Su mundo se divide en dos: los que tienen el ADN y todos los demás.
Él, por supuesto, cree tener ese ‘no sé qué’ en la sangre o el alma que depara triunfos, noches mágicas, remontadas, goles in extremis que le ganan en velocidad a la mano del árbitro, lista para los tres pitazos finales.
La ‘Saprihora’ es suya y de nadie más. Los demás tan solo anotan en tiempo de reposición, que no es lo mismo.
Si su equipo gana —”como siempre”, dirá él; “o como casi siempre”, cuando amaneció con un inusual dejo de humildad— no hay novedad. Si pierde —casi nunca— la culpa es propia y rara vez virtud ajena.
Para él, el rival no tiene más mérito que simplemente existir, por una sola razón: todo vencedor necesita un vencido.
No tolera las derrotas, le cuesta digerirlas, pide cabezas, es capaz de dictar sentencia contra los propios, pero no admite que un liguista diga “a” contra su equipo. El osado se expone a una paliza de hechos históricos, así vengan al caso o no, así sean nuevos o de antaño: desde el Mundial de Clubes 2005 y los 40 títulos en sus vitrinas, hasta los 700 triunfos de ventaja en clásicos, incluidos los recientes 3 a 0 en casa.
Reprocha a sus dirigentes los escasos quilates en las contrataciones; pero si gana el campeonato, se jacta de haberlo logrado sin eso que otros llaman “fichaje bomba”.
Siempre encuentra la forma de darle vuelta a la tortilla: si Saprissa anda entre altibajos y de pronto gana el clásico, echa mano al “no se repartan nada”. Aprovecha hasta las desgracias, incluso las exagera, para darle grandeza a los triunfos surgidos desde las cenizas. Para él, entre más grande fue el bache, mayor la epopeya.
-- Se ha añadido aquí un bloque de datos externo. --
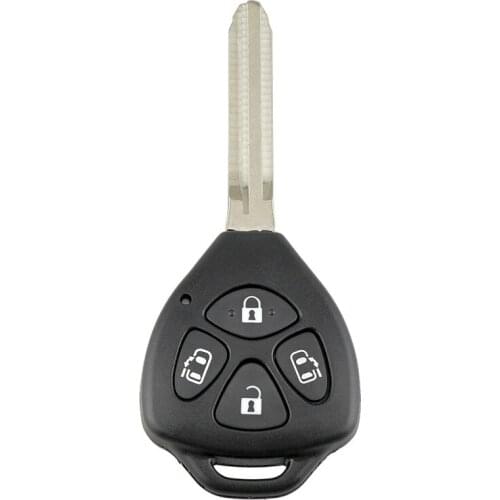 Car Smart Remote Key 4 Button 314.3Mhz 4D67 Chip Fit for Toyota Alphard 2005 - 2009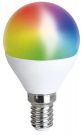 SOLIGHT Smart WiFi bulb LED miniglobe E14 5W RGB works with Wifi Amazon echo, Google Home (WZ432)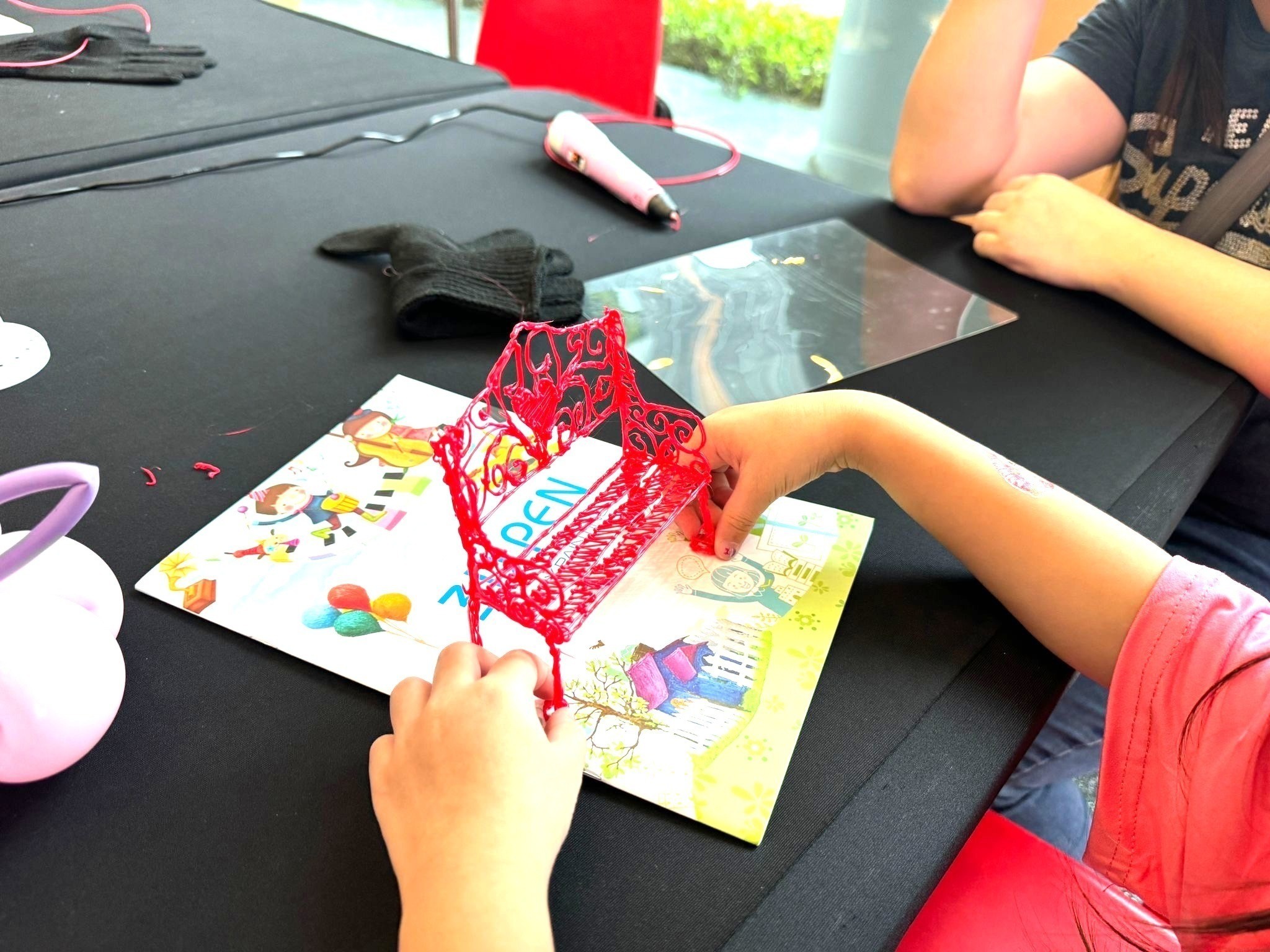 3D pen craft activity Fringe Activities Singapore kids event rental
“Hoy nos odiarán más”, expresa con jactancia en memes, mantas o de boca en boca a la hora el festejo. Si lo creen empachoso, arrogante o jactancioso lo recibe como medalla en pecho.
Jamás le dirá catedral a su estadio, pero es capaz de persignarse si pasa al lado, bajo su sombra, por la ruta 32 o si lo ve a lo lejos desde Circunvalación.
Para él, el Ricardo Saprissa siempre ha sido, es y será casi un ser viviente, que se mueve mientras la masa grita “¡el que no salta manudo es!”.
El morado habría aceptado que le llamaran a su casa “El Tragapuntos de Tibás” o el “Mounstrodome”, pero merecía algo más tenebroso: la Cueva del Monstruo. Simplemente la Cueva, para los amigos.
Cuando alienta en sus entrañas no lo hace como espectador, sino de protagonista. Él no espera victorias, intenta provocarlas.
Ya no lanza serpentinas desde lo más alto de sus graderías como algunas décadas atrás; ahora desliza enormes tifos que amenazan con meterse a la gramilla a tragarse los rivales.
Respeta a Evaristo Coronado, idolatra al Rey Paté, quiere a Mariano Torres jugando hasta los 50 y sueña con el regreso de Keylor Navas. No perdona a quienes se han ido a La Agonía, porque “el morado no destiñe”. Ama los colores de su equipo, ama su estadio, ama escuchar la canción de Queen al final del torneo, pero sobre todas las cosas, se ama así mismo como aficionado: Es el iniguable.